What you are asked to do - Would you quote the material below from its first line through the line containing "ハーフエタニティ 重ね付け可能 婚の画像", exactly and with both ends included?

----

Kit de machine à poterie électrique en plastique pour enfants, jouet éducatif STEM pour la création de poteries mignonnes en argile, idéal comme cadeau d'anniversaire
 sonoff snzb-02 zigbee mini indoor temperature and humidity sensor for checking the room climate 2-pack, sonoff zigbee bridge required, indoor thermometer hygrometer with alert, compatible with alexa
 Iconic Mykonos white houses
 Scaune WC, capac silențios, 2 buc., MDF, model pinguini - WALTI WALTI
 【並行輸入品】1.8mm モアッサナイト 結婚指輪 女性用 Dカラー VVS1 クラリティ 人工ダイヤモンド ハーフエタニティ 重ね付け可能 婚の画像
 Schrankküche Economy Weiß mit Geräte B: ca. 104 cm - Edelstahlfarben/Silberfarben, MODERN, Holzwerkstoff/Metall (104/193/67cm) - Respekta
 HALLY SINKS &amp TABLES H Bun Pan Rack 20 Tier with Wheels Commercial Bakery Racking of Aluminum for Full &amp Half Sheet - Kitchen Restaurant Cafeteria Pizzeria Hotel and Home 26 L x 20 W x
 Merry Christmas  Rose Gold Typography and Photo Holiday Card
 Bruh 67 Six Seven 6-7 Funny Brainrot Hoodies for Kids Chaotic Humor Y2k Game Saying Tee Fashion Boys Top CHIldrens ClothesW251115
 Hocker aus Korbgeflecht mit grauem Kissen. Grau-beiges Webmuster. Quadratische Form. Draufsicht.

----

Result of the task -
Kit de machine à poterie électrique en plastique pour enfants, jouet éducatif STEM pour la création de poteries mignonnes en argile, idéal comme cadeau d'anniversaire
 sonoff snzb-02 zigbee mini indoor temperature and humidity sensor for checking the room climate 2-pack, sonoff zigbee bridge required, indoor thermometer hygrometer with alert, compatible with alexa
 Iconic Mykonos white houses
 Scaune WC, capac silențios, 2 buc., MDF, model pinguini - WALTI WALTI
 【並行輸入品】1.8mm モアッサナイト 結婚指輪 女性用 Dカラー VVS1 クラリティ 人工ダイヤモンド ハーフエタニティ 重ね付け可能 婚の画像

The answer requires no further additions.